• ASSIGNMENT:
Return each line exactly as written. Begin with the first line of the entries and end with the line that has "2-к квартира, вторичка, 63м2, 12/16 этаж".
### SOURCE INFORMATION
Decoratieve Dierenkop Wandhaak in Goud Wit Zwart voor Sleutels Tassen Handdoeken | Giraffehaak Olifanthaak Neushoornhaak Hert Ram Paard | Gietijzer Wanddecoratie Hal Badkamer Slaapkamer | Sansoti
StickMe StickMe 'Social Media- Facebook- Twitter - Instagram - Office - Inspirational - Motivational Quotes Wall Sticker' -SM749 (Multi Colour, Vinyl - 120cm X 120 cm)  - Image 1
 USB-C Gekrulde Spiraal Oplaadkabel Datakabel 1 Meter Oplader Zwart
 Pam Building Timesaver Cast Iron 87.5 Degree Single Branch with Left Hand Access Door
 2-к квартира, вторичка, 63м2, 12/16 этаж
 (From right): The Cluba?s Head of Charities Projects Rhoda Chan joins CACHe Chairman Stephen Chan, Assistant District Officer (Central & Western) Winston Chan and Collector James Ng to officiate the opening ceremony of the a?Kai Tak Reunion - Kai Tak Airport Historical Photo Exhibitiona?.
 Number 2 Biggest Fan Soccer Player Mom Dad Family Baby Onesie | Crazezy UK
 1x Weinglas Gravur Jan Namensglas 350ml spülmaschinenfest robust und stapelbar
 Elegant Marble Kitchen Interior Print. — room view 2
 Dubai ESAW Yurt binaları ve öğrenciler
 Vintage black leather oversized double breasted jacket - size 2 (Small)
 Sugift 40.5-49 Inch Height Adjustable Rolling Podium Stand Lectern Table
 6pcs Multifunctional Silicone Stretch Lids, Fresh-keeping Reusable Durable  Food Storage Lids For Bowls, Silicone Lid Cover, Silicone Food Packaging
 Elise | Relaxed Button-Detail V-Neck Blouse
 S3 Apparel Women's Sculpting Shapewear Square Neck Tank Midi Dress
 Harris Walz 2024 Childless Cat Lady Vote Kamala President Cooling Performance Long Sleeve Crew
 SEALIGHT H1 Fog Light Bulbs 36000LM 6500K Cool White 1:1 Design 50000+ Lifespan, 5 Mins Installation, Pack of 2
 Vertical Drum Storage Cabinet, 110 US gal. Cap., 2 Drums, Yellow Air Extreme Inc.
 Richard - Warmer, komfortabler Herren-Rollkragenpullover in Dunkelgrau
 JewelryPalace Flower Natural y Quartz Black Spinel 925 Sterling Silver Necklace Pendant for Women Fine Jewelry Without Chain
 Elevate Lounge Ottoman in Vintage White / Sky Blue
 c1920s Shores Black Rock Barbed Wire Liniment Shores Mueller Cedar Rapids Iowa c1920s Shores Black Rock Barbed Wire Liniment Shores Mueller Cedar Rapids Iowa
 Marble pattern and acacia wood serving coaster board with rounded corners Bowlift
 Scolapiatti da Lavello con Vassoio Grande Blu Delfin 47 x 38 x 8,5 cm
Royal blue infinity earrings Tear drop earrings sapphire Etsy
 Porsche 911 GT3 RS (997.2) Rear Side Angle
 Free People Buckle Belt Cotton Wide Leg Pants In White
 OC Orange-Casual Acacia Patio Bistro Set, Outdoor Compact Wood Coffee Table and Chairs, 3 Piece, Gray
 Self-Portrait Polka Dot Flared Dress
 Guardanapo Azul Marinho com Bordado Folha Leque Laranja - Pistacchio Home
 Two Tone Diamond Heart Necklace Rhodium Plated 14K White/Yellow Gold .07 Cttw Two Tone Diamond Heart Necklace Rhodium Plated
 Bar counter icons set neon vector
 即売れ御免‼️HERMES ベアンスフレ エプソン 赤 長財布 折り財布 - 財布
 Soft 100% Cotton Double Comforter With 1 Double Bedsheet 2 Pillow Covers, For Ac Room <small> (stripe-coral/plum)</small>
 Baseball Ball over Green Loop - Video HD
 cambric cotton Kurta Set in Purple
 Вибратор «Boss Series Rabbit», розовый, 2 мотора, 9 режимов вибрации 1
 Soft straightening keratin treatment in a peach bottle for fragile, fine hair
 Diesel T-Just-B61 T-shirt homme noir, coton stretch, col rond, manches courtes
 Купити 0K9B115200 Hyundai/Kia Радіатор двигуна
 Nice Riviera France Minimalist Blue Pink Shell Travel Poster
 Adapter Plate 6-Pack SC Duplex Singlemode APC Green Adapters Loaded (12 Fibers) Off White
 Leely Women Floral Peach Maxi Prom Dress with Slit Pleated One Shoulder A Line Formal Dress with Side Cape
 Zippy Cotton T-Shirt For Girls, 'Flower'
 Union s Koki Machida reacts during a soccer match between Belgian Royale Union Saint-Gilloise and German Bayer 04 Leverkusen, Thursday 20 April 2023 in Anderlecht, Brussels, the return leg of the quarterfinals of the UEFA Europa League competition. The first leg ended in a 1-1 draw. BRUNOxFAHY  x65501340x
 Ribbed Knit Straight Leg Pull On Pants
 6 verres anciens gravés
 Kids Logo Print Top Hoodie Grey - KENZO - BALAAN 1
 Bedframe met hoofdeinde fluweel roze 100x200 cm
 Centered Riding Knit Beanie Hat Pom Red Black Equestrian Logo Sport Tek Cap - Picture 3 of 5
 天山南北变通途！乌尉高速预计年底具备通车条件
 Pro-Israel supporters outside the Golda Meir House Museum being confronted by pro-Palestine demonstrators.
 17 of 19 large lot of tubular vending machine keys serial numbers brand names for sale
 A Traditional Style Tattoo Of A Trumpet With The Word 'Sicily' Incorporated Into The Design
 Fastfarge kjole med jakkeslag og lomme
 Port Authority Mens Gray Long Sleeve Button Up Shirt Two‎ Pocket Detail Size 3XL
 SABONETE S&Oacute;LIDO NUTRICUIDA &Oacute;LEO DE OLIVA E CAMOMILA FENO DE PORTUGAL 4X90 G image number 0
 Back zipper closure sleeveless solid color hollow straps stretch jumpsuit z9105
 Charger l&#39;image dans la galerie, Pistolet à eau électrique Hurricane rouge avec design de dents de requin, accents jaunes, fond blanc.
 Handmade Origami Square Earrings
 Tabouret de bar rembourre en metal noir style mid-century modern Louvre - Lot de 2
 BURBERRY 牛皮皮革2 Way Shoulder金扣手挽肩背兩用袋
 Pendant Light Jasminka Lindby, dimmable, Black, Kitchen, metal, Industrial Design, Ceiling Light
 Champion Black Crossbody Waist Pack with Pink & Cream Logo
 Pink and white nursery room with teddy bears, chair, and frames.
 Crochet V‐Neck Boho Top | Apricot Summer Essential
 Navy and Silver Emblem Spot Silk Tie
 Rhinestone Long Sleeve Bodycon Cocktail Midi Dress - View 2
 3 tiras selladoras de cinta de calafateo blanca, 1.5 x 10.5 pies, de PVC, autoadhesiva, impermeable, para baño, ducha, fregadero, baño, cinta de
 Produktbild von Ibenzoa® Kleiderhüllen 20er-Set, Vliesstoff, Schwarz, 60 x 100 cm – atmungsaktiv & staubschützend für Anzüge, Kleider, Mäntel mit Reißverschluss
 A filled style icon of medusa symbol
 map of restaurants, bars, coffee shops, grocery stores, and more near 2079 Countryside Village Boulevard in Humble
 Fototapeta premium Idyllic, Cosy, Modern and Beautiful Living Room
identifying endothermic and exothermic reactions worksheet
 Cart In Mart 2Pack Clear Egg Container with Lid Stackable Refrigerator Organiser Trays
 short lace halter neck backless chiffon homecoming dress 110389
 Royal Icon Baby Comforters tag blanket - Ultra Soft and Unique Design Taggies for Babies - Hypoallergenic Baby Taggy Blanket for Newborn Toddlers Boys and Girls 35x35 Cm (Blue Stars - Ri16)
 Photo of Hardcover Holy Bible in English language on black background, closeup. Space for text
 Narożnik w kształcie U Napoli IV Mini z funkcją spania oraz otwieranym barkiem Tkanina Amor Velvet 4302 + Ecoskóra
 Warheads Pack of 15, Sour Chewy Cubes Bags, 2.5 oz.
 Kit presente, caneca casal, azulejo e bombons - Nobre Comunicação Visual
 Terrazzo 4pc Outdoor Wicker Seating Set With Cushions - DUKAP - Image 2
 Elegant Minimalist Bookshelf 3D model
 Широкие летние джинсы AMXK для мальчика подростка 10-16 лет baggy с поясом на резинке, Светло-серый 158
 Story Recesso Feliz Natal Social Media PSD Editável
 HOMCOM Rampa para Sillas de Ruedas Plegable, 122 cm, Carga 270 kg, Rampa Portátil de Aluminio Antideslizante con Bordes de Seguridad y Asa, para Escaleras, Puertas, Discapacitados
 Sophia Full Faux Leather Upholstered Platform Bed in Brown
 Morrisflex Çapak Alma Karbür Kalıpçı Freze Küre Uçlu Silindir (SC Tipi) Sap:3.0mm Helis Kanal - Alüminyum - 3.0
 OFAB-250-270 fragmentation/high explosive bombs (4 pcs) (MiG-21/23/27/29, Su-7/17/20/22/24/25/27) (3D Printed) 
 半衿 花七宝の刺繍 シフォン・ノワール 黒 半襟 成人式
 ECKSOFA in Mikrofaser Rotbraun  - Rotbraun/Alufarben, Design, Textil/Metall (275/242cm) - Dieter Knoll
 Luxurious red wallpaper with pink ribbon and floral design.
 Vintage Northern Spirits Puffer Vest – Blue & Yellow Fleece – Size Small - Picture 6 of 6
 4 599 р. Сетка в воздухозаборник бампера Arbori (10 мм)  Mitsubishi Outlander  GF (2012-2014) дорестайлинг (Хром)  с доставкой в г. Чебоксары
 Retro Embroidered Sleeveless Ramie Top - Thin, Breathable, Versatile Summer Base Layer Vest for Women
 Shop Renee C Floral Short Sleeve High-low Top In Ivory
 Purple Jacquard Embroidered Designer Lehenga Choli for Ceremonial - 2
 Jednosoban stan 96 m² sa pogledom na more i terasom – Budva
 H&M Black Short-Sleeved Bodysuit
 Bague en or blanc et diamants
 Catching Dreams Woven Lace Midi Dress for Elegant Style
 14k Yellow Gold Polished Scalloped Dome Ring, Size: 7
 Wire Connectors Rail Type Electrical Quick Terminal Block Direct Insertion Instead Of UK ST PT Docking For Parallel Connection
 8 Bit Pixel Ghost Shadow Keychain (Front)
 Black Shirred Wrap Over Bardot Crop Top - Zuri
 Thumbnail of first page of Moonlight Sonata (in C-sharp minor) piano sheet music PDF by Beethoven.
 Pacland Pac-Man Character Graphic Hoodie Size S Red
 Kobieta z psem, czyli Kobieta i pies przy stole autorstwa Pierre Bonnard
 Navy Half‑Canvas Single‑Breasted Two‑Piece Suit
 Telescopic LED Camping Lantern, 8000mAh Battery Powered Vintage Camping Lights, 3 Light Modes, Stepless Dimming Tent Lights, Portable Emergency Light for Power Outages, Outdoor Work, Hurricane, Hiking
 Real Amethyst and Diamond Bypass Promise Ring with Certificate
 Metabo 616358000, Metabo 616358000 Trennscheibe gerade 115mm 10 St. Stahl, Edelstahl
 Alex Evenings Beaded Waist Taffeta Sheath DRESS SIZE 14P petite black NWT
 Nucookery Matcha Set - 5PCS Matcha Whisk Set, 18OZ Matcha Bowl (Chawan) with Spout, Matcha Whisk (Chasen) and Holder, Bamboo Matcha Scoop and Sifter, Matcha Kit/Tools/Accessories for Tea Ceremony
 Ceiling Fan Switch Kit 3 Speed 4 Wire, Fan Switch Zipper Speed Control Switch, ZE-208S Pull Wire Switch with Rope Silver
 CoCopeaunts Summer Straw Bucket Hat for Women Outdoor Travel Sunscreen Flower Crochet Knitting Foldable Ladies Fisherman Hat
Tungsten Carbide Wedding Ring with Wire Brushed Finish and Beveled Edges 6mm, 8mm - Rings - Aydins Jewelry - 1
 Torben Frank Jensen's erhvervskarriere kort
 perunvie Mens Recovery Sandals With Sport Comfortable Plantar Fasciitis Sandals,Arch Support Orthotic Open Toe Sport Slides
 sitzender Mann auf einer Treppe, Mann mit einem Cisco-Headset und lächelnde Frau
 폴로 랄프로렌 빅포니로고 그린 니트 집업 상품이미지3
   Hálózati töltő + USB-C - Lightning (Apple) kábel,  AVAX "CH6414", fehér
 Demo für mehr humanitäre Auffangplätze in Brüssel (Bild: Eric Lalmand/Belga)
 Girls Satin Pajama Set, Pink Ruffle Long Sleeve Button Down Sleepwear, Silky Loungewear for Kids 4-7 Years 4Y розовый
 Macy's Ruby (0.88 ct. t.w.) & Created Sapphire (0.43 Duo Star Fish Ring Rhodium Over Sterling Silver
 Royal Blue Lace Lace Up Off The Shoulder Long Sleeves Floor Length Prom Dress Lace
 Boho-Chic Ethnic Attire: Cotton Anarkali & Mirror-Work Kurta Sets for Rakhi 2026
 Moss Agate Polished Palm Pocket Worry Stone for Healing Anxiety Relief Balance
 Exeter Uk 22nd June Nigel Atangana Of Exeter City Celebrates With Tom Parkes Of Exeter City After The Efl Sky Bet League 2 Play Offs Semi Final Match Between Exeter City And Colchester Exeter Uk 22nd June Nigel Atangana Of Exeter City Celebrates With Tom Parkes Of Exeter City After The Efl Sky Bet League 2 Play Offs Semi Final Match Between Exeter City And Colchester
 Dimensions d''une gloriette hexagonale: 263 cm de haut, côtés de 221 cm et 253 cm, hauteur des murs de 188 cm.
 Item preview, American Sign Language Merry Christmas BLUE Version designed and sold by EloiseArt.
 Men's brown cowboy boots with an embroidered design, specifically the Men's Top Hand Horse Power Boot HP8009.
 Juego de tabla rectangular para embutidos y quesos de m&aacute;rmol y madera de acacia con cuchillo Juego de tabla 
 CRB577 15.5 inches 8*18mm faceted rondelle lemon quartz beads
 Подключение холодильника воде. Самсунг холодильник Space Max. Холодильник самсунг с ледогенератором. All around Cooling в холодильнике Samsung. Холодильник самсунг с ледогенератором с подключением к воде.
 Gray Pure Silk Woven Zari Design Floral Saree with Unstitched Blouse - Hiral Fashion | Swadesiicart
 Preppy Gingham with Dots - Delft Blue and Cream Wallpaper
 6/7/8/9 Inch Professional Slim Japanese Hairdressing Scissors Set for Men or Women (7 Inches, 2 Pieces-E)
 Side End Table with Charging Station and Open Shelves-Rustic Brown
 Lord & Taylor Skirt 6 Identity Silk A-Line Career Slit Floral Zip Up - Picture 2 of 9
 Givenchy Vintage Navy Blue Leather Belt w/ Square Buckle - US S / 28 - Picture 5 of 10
######
• REPLY TO THE EXERCISE:
Decoratieve Dierenkop Wandhaak in Goud Wit Zwart voor Sleutels Tassen Handdoeken | Giraffehaak Olifanthaak Neushoornhaak Hert Ram Paard | Gietijzer Wanddecoratie Hal Badkamer Slaapkamer | Sansoti
StickMe StickMe 'Social Media- Facebook- Twitter - Instagram - Office - Inspirational - Motivational Quotes Wall Sticker' -SM749 (Multi Colour, Vinyl - 120cm X 120 cm)  - Image 1
 USB-C Gekrulde Spiraal Oplaadkabel Datakabel 1 Meter Oplader Zwart
 Pam Building Timesaver Cast Iron 87.5 Degree Single Branch with Left Hand Access Door
 2-к квартира, вторичка, 63м2, 12/16 этаж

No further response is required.